# BP gas bottle - where to buy?



## IanW (Jun 30, 2012)

Hi,

We have 45kg BP gas bottles (tall ones) and we believe one is empty.

We can't find any way to find out for sure, apart from the gas stopped.

We are now using the other bottle.

Therefore we need to find a seller of these in the Altura area to get the empty one replaced. No idea how long these last for, so need to get this sorted asap.

Obviously due to their size, we need delivery to our storage unit behind the villa that we are renting.

Any thoughts?


----------



## canoeman (Mar 3, 2011)

Can't your landlord or agent tell you, who's responsibility to replace if it's empty? is there a note/card in storage area, generally is especially on large ones as they'll only replace if storage, piping etc ok and legal.


----------



## IanW (Jun 30, 2012)

no note.

Have contacted our maintenance chap, as to where to buy, but not getting anywhere.
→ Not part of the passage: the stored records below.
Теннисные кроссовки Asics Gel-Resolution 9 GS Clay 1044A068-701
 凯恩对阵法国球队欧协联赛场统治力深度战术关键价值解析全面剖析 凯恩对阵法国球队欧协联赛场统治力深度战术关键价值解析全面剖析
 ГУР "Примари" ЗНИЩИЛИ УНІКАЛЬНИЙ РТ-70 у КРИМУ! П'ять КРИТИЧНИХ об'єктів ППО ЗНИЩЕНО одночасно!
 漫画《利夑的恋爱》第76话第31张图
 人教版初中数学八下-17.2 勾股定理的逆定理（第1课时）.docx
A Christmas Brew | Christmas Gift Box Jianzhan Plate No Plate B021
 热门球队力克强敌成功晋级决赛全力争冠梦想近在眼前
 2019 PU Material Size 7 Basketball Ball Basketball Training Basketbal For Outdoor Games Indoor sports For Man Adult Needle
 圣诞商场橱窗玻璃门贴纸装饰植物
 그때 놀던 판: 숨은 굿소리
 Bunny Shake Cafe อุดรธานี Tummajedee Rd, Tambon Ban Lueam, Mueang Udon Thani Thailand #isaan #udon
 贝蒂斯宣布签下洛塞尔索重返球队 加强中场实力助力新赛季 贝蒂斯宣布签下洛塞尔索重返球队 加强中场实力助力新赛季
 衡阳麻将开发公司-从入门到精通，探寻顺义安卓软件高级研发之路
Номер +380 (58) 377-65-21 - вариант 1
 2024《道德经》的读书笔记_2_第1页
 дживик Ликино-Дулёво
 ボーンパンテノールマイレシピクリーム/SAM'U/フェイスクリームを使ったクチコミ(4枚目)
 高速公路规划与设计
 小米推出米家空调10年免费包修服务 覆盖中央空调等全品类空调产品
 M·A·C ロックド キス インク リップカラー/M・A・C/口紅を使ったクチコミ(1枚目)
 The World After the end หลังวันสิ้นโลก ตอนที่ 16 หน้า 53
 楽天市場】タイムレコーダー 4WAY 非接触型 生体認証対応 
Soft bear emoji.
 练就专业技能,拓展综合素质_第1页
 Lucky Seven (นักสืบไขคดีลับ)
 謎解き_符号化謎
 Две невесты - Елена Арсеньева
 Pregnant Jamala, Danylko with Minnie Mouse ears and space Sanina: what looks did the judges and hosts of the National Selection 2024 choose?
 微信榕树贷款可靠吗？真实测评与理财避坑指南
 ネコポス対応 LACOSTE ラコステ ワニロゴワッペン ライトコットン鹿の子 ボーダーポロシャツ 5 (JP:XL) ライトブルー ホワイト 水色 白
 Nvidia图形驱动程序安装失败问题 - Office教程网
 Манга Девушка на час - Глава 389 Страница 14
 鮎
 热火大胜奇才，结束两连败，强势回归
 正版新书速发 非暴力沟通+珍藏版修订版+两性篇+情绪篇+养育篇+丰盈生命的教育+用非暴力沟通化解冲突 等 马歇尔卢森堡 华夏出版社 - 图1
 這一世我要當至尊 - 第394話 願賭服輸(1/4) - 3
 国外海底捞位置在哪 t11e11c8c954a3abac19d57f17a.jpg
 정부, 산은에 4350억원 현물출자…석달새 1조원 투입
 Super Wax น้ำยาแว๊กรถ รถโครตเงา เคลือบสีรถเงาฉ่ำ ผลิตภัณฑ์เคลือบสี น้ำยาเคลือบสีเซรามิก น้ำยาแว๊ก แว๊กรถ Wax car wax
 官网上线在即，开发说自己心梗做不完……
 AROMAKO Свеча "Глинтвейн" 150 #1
All we were told was there was a bottle and a half. Well the 'half' has now gone, and we need the gas for the heating.

So assume we will need regular deliveries over the winter.

Still probably much cheaper than heating via the air con!


----------



## siobhanwf (Mar 20, 2009)

Realgas - Comércio e Transporte de Gás Lda.
Rua Camilo Castelo Branco, 58 A
8900-253 Vila Real de Santo António

Tel: 281511940
E-mail: [email protected] 
CASTRO MARIM:
- Altura
- Azinhal
- Castro Marim
- Odeleite


----------



## canoeman (Mar 3, 2011)

You might find *not* bottled gas for central heating is expensive as boilers are no where near efficient nor is insulation a major consideration

Thought this was Castro Marim well done Siobhan


----------